Monitoring: Laboratory Tests

Careful monitoring of blood cell counts and chemistry tests, including electrolytes, glucose and serum creatinine, should be performed every 2 weeks during the first 2 months of therapy and monthly thereafter. Electrolyte monitoring should include potassium, magnesium and calcium. Baseline and periodic ECGs should be performed during treatment. ZOLINZA should be administered with particular caution in patients with congenital long QT syndrome, and patients taking anti-arrhythmic medicines or other medicinal products that lead to QT prolongation. Hypokalemia or hypomagnesemia should be corrected prior to administration of ZOLINZA, and consideration should be given to monitoring potassium and magnesium in symptomatic patients (e.g., patients with nausea, vomiting, diarrhea, fluid imbalance or cardiac symptoms). [See Warnings and Precautions.]
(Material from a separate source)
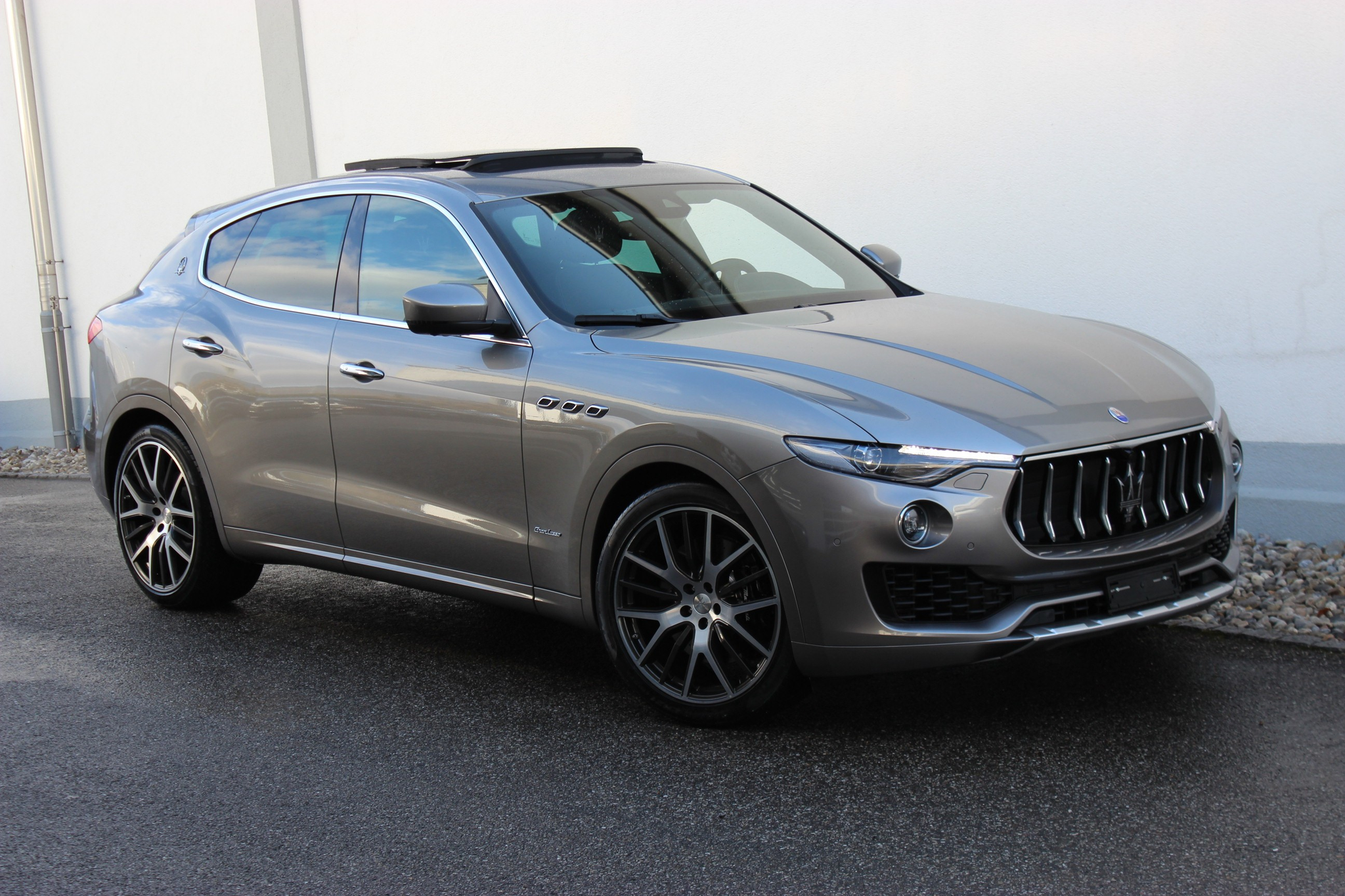 listing desktop thumbnail image 0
Other Histone Deacetylase (HDAC) Inhibitors

Severe thrombocytopenia and gastrointestinal bleeding have been reported with concomitant use of ZOLINZA and other HDAC inhibitors (e.g., valproic acid). Monitor platelet count every 2 weeks during the first 2 months. [See Drug Interactions].

Pregnancy

Pregnancy Category D

ZOLINZA can cause fetal harm when administered to a pregnant woman. There are no adequate and well-controlled studies of ZOLINZA in pregnant women. Results of animal studies indicate that vorinostat crosses the placenta and is found in fetal plasma at levels up to 50% of maternal concentrations. Doses up to 50 and 150 mg/kg/day were tested in rats and rabbits, respectively (~0.5 times the human exposure based on AUC0-24 hours). Treatment-related developmental effects including decreased mean live fetal weights, incomplete ossifications of the skull, thoracic vertebra, sternebra, and skeletal variations (cervical ribs, supernumerary ribs, vertebral count and sacral arch variations) in rats at the highest dose of vorinostat tested. Reductions in mean live fetal weight and an elevated incidence of incomplete ossification of the metacarpals were seen in rabbits dosed at 150 mg/kg/day. The no observed effect levels (NOELs) for these findings were 15 and 50 mg/kg/day (<0.1 times the human exposure based on AUC) in rats and rabbits, respectively. A dose-related increase in the incidence of malformations of the gall bladder was noted in all drug treatment groups in rabbits versus the concurrent control. If this drug is used during pregnancy, or if the patient becomes pregnant while taking this drug, the patient should be apprised of the potential hazard to the fetus.

USE IN SPECIFIC POPULATIONS

Pregnancy

Pregnancy Category D [See Warnings and Precautions]

Nursing Mothers

It is not known whether this drug is excreted in human milk. Because many drugs are excreted in human milk and because of the potential for serious adverse reactions in nursing infants from ZOLINZA, a decision should be made whether to discontinue nursing or discontinue the drug, taking into account the importance of the drug to the mother.

Pediatric Use

The safety and effectiveness of ZOLINZA in pediatric patients have not been established.

Geriatric Use

Of the total number of patients with CTCL in trials (N=107), 46 percent were 65 years of age and over, while 15 percent were 75 years of age and over. No overall differences in safety or effectiveness were observed between these subjects and younger subjects, and other reported clinical experience has not identified differences in responses between the elderly and younger patients, but greater sensitivity of some older individuals cannot be ruled out.

Use in Patients with Hepatic Impairment

Vorinostat was not evaluated in patients with hepatic impairment. As vorinostat is predominantly eliminated through metabolism, patients with hepatic impairment should be treated with caution. [See Clinical Pharmacology.]

Use in Patients with Renal Impairment

Vorinostat was not evaluated in patients with renal impairment. However, renal excretion does not play a role in the elimination of vorinostat. Patients with pre-existing renal impairment should be treated with caution. [See Clinical Pharmacology.]